The assessee (amalgamated Company) amalgamated with a Company by name SKUPL (amalgamating Company) as per the order of the Calcutta High Court in 2004. The Assessee Company (Unique International (P) Ltd.) had set off the brought forward loss of the amalgamating company in the year under consideration. The Assessing officer was of the view that in order to accept the claim of the assessee company, the condition that must be satisfied is that, amalgamating company should have been engaged in the business in which the accumulated loss occurred or depreciation remained unabsorbed for 3 or more years. Since the date of incorporation of amalgamating company was 13-9-2001 and it was only in the process of setting up plant upto 31-2-2001, the claim of the assessee company was not to be allowed.

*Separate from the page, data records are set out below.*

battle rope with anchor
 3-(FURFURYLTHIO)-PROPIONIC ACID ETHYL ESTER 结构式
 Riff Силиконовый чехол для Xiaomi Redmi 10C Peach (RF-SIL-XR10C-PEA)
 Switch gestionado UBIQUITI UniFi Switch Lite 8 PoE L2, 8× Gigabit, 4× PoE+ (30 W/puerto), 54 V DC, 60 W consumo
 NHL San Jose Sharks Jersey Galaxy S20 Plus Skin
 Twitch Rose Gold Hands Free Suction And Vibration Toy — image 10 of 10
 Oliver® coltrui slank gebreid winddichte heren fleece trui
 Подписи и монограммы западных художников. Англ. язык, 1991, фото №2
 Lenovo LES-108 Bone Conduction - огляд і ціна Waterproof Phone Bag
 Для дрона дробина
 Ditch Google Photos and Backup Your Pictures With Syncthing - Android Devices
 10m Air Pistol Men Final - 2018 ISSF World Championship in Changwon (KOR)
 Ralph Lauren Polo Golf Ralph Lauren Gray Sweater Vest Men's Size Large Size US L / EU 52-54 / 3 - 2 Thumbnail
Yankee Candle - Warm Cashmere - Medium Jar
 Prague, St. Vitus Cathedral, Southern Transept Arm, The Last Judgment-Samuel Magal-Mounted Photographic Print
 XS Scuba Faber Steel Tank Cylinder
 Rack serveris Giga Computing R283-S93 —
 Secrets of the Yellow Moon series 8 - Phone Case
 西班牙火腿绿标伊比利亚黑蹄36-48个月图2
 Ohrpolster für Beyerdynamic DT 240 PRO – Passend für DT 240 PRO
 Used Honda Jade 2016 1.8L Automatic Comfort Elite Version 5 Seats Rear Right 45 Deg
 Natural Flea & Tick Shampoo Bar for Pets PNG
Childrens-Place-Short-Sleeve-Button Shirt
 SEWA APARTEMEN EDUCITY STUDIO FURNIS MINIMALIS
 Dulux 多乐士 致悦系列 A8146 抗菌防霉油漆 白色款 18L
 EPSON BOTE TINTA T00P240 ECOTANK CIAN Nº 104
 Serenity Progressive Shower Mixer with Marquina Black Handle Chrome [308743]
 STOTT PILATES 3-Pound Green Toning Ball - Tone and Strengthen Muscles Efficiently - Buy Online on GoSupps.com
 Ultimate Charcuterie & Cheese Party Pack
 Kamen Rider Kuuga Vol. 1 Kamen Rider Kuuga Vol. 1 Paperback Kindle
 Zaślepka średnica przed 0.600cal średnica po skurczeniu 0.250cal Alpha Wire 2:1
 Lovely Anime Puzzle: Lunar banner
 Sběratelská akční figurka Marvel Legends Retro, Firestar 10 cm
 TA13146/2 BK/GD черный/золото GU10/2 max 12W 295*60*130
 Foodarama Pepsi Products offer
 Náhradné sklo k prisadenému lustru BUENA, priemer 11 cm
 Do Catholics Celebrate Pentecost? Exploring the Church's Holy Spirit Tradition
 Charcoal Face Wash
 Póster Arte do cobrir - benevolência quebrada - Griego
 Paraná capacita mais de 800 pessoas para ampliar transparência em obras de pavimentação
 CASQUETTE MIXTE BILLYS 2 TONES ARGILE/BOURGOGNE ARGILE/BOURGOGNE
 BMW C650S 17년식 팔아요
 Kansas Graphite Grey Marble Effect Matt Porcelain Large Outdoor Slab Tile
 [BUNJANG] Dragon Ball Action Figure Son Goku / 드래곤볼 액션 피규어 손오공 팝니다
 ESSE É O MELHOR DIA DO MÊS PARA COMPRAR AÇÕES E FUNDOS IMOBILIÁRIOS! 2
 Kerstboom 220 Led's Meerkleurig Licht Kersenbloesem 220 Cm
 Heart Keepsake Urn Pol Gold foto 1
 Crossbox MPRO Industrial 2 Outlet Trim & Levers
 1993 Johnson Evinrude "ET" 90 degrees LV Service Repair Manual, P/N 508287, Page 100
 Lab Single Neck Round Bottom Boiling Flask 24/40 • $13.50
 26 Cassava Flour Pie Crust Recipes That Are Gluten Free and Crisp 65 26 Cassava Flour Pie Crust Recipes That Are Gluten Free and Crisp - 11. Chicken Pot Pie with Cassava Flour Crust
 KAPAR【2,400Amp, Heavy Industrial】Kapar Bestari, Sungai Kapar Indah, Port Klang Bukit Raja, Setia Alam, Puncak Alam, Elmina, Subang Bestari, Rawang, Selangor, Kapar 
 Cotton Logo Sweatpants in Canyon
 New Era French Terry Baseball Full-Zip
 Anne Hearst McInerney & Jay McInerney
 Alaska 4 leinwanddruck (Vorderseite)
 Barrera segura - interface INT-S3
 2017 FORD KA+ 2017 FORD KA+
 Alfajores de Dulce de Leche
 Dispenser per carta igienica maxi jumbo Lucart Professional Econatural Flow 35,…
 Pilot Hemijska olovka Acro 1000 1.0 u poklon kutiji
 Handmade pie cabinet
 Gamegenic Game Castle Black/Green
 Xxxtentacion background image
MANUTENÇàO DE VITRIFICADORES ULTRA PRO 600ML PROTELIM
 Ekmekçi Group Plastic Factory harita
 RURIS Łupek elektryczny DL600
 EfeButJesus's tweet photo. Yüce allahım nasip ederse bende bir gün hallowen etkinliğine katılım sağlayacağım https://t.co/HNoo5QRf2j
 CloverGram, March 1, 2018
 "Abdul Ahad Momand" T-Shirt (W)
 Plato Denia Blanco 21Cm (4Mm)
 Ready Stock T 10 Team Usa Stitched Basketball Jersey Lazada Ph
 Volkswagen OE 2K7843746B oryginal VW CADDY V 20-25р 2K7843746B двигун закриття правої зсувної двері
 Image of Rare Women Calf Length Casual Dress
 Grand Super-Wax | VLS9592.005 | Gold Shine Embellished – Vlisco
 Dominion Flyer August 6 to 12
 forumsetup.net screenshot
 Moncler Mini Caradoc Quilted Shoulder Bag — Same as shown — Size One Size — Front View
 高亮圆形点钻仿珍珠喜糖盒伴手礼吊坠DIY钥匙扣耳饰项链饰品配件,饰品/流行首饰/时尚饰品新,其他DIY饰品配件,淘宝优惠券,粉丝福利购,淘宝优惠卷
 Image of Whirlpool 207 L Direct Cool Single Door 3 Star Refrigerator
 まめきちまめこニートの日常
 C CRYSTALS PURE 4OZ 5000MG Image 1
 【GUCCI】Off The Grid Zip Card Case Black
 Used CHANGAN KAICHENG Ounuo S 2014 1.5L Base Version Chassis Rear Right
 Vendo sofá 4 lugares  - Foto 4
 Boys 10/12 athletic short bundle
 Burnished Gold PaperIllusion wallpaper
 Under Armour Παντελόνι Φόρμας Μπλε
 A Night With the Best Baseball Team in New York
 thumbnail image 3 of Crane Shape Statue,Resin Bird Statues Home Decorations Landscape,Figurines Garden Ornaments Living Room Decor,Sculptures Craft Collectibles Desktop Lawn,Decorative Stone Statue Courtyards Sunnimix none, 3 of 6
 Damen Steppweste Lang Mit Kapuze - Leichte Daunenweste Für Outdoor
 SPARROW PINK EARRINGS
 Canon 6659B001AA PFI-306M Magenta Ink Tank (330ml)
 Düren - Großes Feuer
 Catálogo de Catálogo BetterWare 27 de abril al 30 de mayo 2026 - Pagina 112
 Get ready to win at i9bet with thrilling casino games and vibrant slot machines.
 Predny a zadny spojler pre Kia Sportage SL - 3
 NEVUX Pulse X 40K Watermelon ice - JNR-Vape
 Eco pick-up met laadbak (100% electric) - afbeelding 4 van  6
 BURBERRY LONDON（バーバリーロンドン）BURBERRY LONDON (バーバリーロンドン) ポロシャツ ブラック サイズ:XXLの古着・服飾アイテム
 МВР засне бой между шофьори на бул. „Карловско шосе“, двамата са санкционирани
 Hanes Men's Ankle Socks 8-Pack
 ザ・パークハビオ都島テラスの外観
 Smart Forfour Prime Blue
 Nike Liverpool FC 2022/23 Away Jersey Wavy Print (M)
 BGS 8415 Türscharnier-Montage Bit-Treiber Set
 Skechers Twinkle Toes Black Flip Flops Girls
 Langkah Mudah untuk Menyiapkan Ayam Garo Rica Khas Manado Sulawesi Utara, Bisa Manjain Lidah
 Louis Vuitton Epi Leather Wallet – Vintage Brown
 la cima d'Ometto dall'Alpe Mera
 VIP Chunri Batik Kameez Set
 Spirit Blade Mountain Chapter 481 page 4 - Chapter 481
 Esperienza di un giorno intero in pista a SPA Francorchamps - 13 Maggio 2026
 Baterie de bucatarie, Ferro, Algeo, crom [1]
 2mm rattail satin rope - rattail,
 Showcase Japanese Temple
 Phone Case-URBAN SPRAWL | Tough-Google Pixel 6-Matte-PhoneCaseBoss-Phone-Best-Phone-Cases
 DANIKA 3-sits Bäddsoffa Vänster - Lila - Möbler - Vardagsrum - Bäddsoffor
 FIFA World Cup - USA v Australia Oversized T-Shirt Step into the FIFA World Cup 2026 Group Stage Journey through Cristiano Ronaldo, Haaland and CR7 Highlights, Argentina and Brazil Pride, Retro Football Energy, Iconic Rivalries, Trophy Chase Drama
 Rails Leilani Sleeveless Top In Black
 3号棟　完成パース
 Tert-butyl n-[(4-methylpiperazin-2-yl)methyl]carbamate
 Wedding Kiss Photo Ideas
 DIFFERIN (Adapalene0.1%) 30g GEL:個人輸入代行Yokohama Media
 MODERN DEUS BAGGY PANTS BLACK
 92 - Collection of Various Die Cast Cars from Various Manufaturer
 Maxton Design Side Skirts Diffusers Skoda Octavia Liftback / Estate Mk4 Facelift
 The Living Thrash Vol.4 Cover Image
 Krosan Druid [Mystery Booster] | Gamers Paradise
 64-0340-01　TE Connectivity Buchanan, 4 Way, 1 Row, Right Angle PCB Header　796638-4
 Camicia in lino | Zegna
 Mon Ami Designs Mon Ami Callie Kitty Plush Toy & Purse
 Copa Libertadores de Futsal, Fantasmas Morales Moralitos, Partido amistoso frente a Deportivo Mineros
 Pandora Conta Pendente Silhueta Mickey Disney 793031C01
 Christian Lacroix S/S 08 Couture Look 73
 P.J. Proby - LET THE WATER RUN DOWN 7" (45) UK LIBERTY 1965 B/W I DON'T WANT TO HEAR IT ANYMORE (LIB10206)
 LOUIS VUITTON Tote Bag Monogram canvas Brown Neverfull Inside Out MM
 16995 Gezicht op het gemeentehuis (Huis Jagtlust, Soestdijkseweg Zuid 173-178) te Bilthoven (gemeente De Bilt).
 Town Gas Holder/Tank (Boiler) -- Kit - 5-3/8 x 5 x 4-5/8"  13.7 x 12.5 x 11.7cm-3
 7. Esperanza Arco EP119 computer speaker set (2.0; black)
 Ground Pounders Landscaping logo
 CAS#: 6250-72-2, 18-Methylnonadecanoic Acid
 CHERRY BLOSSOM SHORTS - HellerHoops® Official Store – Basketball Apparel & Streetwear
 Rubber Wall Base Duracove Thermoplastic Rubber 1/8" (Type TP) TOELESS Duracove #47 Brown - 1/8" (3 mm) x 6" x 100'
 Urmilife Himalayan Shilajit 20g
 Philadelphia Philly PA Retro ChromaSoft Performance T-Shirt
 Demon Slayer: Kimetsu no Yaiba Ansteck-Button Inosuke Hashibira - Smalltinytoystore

On appeal to the Commissioner of Income Tax ( Appeals) [CIT (A)], the CIT (A) allowed the claimed of the Assessee Company for the reason that that the amalgamating Company was in the process of setting up a plant for manufacturing Ball Pin tips during the first year itself and also taking into consideration that the amalgamating Company was engaged in the said business for more than 3 previous years, the relevant condition to claim was duly satisfied. The Tribunal, however, held that the phrase used ‘three or more years’ as appearing in Section 72A cannot be interpreted to mean ‘three or more previous years’. For this purpose, the Tribunal referred to the General clauses Act which defines the term ‘year’ to mean calendar year reckoned according to the British calendar.
The Tribunal held that the word ‘year’ in Section 72A clearly signifies the calendar year and since the amalgamating Company in the present case, was not engaged in the business in which accumulated loss occurred or depreciation remained unabsorbed for three or more calendar years, the assessee company (amalgamated company) was not entitled to claim set off of the brought forward loss of amalgamating company against its income for the year under consideration.